Back into comfortable run times, the most common sublinear time is the logarithmic O(log n) time, of which the most famous example is the binary search. Crucially, these typically require a certain pre-existing knowledge of the data set, just as the binary search requires that the data set be sorted ahead of time. So, algorithms like this can often require preprocessing.

This was a good section, 9/10. Definitely interesting and explains everything quite well.

As we know, a priority queue (PQ) is one that maintains a set of elements, each of which has an associated numeric value, or key. The smaller this key, the higher the priority. These support insertion and deletion and selection of element with smallest key. As is shown in the book, a sequence of O(n) priority queue operations can be used to sort a list of n numbers. So, if we can get each PQ operation to work in O(log n) time, then we will have an implementation of sorting in O(n log n) time.

This PQ implementation takes the form of a heap. A heap is a binary tree whose keys are in heap order, meaning that the values of each node's children are greater than or equal to the parent node's value. An easy implementation of this is an array, where we call the first index 1 (which is the root of the heap), and then define for each parent node i, its left child is at 2i and its right child at 2i + 1.

To implement the heap operations, we define Heapify-up and Heapify-down. The former operates for a given node by checking if its parent's value is greater than its own, and if so, swapping the two. This is then repeated recursively until the condition is met or the value makes its way to the heap root. Heapify-down work's similarly, just by checking if the given node's value is greater than either of its children's values, and if so, swapping with the “smaller” of the children. Then this is done recursively down. Both of these guarantee the heap order and balance is kept upon insertion and deletion in O(log n) time due to a particular bit of cleverness: we only add or delete from the very last spot in the array. Then, to keep it balanced, say, for deletion of an arbitrary spot on the left side of the heap, we simply swap that deleted value with the value in the last spot, delete the one that was to be deleted, and then let the one from the end that we swapped into its location Heapify-up/down to its rightful place.

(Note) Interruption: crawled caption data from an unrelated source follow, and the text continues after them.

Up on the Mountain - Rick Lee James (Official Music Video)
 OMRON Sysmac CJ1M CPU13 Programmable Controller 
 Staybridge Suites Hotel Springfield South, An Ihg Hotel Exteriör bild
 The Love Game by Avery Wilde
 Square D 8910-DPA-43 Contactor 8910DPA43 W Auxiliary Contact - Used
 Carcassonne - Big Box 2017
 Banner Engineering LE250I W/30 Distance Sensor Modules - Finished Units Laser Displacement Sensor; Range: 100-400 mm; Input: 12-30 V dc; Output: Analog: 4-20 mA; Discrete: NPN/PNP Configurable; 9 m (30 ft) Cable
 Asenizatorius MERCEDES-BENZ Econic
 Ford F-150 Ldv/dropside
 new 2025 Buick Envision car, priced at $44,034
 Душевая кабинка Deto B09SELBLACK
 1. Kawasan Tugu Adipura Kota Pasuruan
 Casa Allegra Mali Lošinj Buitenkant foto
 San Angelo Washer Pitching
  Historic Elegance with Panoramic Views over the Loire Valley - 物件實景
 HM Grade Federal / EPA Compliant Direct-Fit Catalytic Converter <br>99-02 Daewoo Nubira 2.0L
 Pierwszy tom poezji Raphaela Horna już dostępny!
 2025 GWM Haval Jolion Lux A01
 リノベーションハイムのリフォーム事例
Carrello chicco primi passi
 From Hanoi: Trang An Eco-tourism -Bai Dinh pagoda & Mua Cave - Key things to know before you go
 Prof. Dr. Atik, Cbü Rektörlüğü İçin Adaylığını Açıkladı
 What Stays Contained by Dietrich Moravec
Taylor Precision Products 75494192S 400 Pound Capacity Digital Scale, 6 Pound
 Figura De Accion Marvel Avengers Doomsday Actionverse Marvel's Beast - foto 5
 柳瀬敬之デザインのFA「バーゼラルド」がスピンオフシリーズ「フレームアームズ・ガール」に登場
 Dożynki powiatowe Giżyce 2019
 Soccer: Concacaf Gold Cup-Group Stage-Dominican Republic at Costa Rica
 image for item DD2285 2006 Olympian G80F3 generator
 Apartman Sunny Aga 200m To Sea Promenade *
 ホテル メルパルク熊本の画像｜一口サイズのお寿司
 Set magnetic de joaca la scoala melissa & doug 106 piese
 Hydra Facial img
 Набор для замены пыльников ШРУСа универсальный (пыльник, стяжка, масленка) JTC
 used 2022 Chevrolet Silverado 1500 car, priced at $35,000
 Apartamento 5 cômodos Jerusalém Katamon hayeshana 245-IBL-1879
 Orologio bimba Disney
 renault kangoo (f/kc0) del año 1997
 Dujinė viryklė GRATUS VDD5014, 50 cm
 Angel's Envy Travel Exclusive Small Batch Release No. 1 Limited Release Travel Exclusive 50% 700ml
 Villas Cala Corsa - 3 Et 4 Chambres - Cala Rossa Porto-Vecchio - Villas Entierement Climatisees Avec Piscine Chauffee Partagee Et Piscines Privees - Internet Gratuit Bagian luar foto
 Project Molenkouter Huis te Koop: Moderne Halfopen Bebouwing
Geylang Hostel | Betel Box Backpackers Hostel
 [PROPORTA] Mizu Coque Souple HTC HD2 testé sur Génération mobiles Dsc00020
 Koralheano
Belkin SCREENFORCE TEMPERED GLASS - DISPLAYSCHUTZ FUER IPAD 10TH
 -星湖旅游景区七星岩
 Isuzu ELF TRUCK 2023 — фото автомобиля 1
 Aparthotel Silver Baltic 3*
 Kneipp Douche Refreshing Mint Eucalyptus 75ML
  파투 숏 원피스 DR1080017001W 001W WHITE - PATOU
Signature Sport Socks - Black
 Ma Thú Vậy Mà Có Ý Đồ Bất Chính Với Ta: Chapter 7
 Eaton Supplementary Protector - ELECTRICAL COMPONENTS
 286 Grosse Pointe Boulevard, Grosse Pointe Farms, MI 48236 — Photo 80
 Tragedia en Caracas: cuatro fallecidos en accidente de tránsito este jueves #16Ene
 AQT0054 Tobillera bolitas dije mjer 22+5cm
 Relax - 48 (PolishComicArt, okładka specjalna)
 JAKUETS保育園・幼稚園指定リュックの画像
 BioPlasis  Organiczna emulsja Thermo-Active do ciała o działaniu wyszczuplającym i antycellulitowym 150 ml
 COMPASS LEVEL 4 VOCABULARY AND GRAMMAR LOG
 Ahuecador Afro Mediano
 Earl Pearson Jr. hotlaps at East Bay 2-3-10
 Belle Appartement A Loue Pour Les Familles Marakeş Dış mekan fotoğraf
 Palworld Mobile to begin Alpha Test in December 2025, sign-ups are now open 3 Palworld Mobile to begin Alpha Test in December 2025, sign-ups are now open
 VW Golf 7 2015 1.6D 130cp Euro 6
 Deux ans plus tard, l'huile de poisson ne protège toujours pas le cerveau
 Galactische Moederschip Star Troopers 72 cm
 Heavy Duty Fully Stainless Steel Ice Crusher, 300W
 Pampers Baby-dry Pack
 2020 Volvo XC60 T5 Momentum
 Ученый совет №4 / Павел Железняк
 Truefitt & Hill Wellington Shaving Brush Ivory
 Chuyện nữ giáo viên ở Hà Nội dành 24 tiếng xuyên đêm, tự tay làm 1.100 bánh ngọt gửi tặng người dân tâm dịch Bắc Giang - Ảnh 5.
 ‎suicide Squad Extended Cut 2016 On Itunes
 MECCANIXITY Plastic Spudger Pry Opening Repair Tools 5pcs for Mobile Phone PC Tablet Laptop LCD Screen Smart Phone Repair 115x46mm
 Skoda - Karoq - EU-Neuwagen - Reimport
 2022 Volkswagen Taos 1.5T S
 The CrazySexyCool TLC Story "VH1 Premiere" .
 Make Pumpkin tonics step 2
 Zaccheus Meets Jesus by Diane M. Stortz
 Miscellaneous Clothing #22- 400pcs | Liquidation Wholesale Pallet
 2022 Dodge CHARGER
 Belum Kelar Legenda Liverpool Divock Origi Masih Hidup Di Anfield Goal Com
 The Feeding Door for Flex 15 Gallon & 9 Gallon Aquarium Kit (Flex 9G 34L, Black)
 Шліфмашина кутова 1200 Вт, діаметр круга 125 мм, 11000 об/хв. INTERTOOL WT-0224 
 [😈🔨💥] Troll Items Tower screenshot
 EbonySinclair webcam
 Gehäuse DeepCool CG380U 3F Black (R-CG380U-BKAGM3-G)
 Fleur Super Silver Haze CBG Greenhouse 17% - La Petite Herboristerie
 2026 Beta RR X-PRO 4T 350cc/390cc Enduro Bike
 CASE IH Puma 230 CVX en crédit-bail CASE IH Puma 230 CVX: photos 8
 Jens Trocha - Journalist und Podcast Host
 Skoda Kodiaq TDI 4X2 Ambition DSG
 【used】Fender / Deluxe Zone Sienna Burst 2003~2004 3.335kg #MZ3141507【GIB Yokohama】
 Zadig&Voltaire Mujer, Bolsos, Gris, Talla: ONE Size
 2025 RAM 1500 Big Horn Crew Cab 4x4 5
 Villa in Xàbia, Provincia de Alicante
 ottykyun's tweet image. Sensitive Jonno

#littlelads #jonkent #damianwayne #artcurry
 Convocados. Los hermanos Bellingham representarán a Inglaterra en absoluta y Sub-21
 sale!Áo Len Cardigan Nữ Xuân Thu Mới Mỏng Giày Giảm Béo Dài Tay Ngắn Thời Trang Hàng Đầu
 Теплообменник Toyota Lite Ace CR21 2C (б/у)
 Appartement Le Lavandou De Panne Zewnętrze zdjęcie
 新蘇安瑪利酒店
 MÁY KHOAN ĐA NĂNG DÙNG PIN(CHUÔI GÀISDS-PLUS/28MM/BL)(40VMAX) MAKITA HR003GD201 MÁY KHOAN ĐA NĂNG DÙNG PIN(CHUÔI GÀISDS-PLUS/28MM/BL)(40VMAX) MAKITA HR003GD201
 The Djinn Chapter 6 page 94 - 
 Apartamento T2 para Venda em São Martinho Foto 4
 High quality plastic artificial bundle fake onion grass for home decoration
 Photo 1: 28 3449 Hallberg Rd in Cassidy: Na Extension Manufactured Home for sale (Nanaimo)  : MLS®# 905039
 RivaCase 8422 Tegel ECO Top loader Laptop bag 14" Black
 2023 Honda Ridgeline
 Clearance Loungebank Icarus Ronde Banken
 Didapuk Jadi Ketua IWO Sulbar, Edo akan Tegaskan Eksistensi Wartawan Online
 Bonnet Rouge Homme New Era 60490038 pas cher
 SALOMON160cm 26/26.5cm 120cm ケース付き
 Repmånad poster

Initializing the PQ array runs at most O(N), where N is a constraint on the input size by being the size of the array. Due to the above Heapify operations, we can then insert and delete any element in O(log n) time. Finding the minimum value then takes O(1) time because it is simply the root of the heap–always the first element in our array. Thus, extracting the minimum value simply means removing that minimum value, therefore takes O(log n) time.

So, as mentioned in our goal, we have found an implementation of the PQ for which each operation is O(log n). So, we can then use this to implement a sort in O(n log n) time.

This was a good section which complemented class very well. They seemed to get a little more caught in notation which led to some confusion at times, but still a 8/10 in my book.